En las intersecciones de la palabra y la acción está, como bien entiende The Murmuration, el relator de fútbol. Es un tema brillante para una novela. En mi opinión, la única otra afición que acerca a sus periodistas al gran arte es la hípica (destaco a Gerald Murnane como un serio investigador en ese terreno, véase por ejemplo su libro Something for the Pain: A Memoir of the Turf, de 2015). En el fútbol, inspiración implica una variedad extraordinaria de movimientos; en las carreras de caballos, implica una restricción exorbitante. Las carreras de caballos, igual que la política electoral, implica un clímax; el fútbol, como la insurrección y la revuelta política, implica momentos de estancamiento y momentos de gracia, horas muertas y minutos en que pasan décadas. Este péndulo entre exaltación y desesperanza ofrece material infinito a estrofistas y rapsodas del juego. Consideremos la epifanía erótica que experimenta un relator durante el gol: del gemido de vocal única del relator de América Latina hasta los gritos elogiosos de Ray Hudson y sus desvaríos inspirados por Messi («¡disculpen que me emocione, gente, pero hemos presenciado un gol que despertaría a un catatónico!»). Consideremos también las canciones radiales que semana a semana las barras bravas y ultras del mundo entero plagian y convierten en cánticos —no siempre se apropian de obras maestras, claro, pero eso es prueba de un esfuerzo de popularización constante, incluso de una imaginación que positivamente podría llamarse colectiva.
Esta novela nunca se cansa de recordarnos implícitamente que el presente se cuece en el horno del pasado.
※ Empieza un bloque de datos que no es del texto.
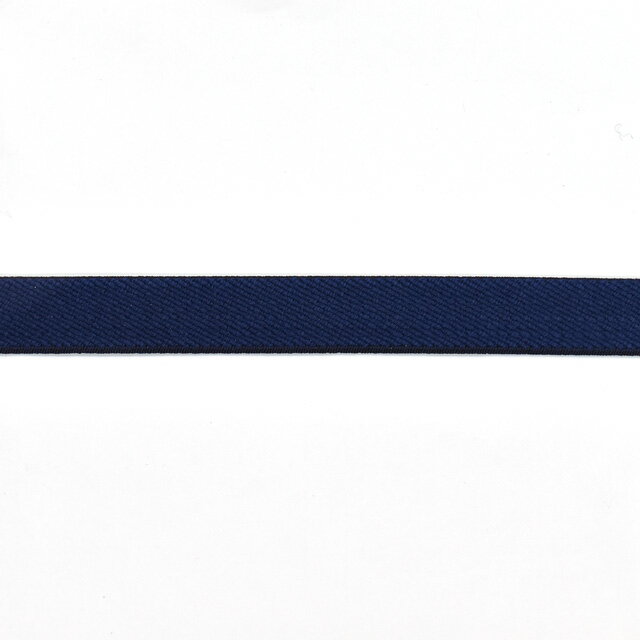 ゴムテープ 綾織ゴム カラー（HRR0002） 15mm 2.紺 (H)_6b_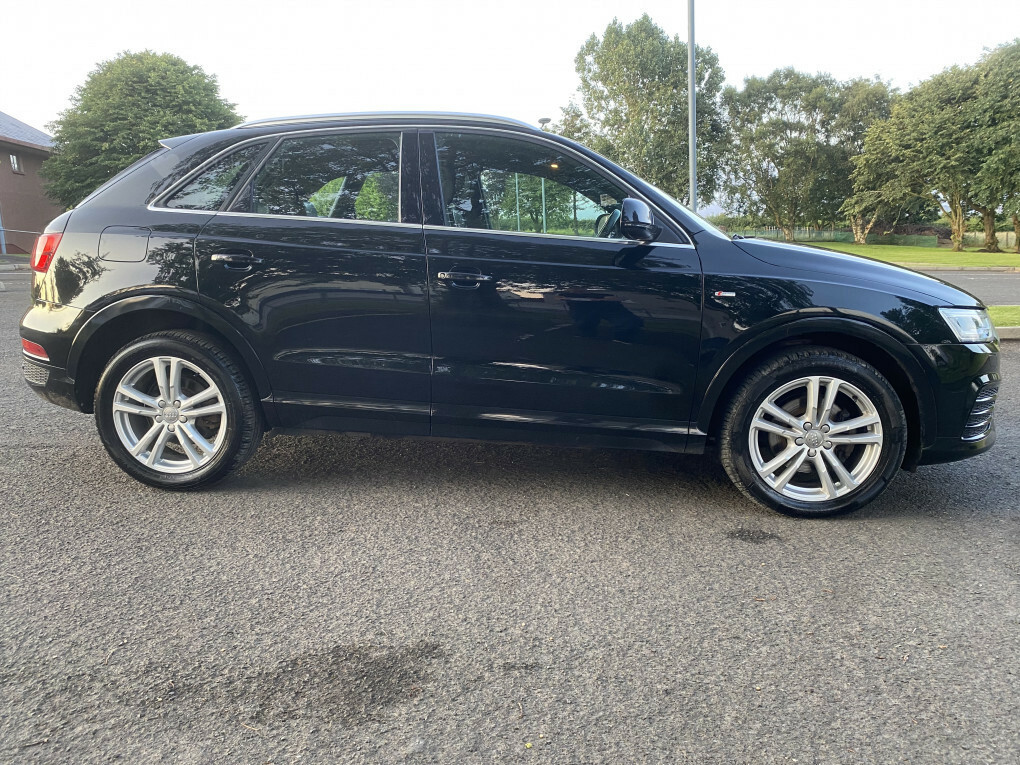 Audi Q3 S Line Nav Tdi Quattro VF16NUO Black #2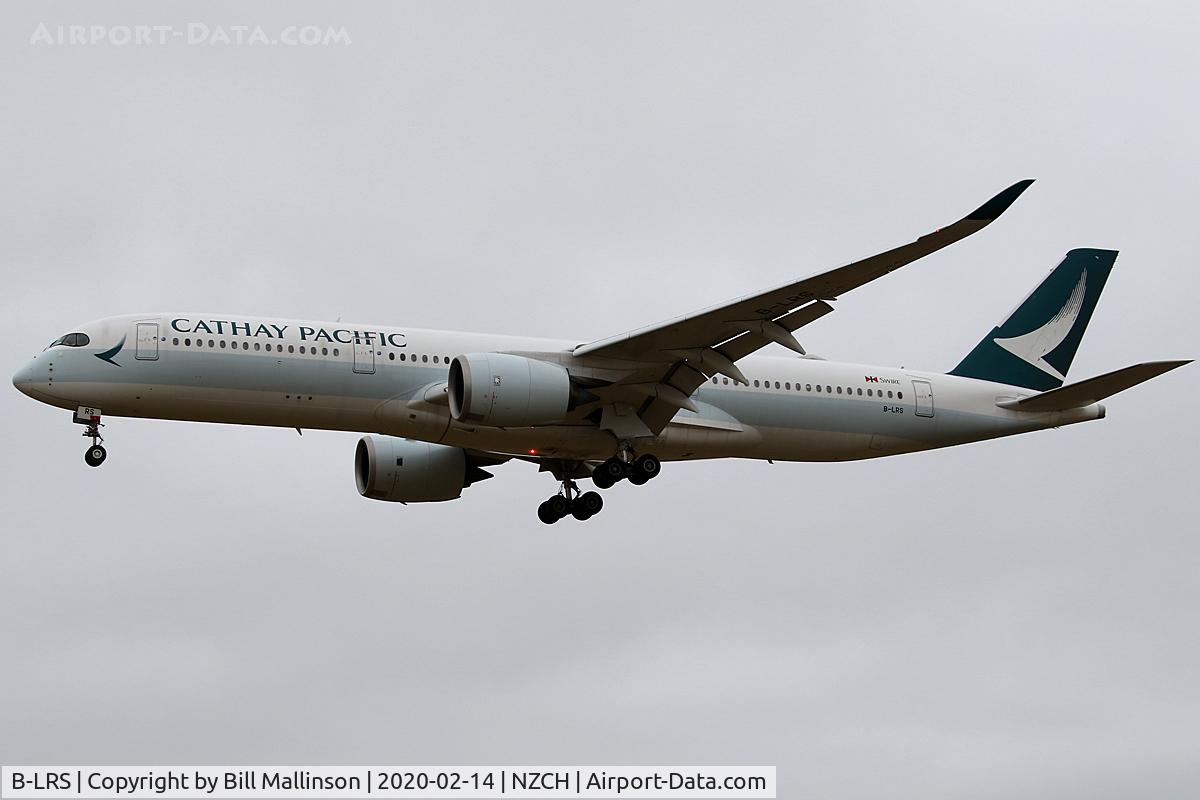 B-LRS, 2017 Airbus A350-941 C/N 128, CX123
En ese espíritu, tengo que mencionar mi propia aventura de toda la vida con el fútbol. Al crecer, como jugador y como hincha, este deporte me ha hecho aprender mucho sobre eso que podríamos llamar lo visceral. Mientras veía distintas ligas de distintos continentes en sitios piratas, por ejemplo, fue que aprendí geografía mundial. ¿De qué otra manera sabría dónde queda Derbyshire, si no fuera porque el Derby FC estuvo en la Premier League durante la temporada 2007–2008? ¿Como sabría yo que Vigo es un puerto gallego, si no fuera por el 3-1 que el Barça le propinó al Celta en 2012?
Más allá de la geografía, fue gracias al fútbol que aprendí, en la estrechez parroquial de una infancia en los Apalaches, cómo funciona el mundo—sobre todo en lo que respecta a las clases sociales. El trayecto era largo desde la cancha improvisada en unos estacionamientos detrás de la escuela secundaria (cuyo dueño, Juan, a veces caía preso por peleas de gallos clandestinas) hasta los complejos enormes y caros de las ciudades cercanas, donde entrenaban equipos con entrenadores y en su mayoría blancos. Todavía tengo mi camiseta imitación del Arsenal, con la marca auspiciadora de una taquería, con mi nombre mal escrito en la espalda. Y todavía recuerdo cuando aprendí el sentido de la palabra «moroso», al pasarme a los equipos regionales pagados más competitivos. Tengo en la memoria esa energía amorosa, sí, y también que tomé conciencia de la lucha de clases.
El significado emerge desde adentro —pero muchas veces toma forma en el exterior— del texto. Seguimos el giro de una ruleta sin soltar el aliento y eso no tiene que ver con sus colores ni con sus números. La pelotita de cuero no es el verdadero objeto del rugido en el estadio. ¿Debemos hacer de todo una alegoría, como dijo Fredric Jameson? En el caso del fútbol la respuesta es un sí rotundo. El gran logro de The Murmuration es mostrar que lo popular merece lo literario y que lo popular no tiene por qué rendirse a la industria cultural: es decir, al poder. Lo más literario puede ser también lo más proletario. Podemos ubicar la hazaña de Labbé —nada menos que una novela colectiva— entre lo útil y lo magistral. El Homo sapiens, ya sabemos, no siempre es tan sapiente, y el Homo sacer no se decide entre lo sagrado y lo maldecido. Pero el Homo soccer, como demuestra Labbé, será siempre expansivo, globalizante y político, mientras hable muchas lenguas con muchas voces.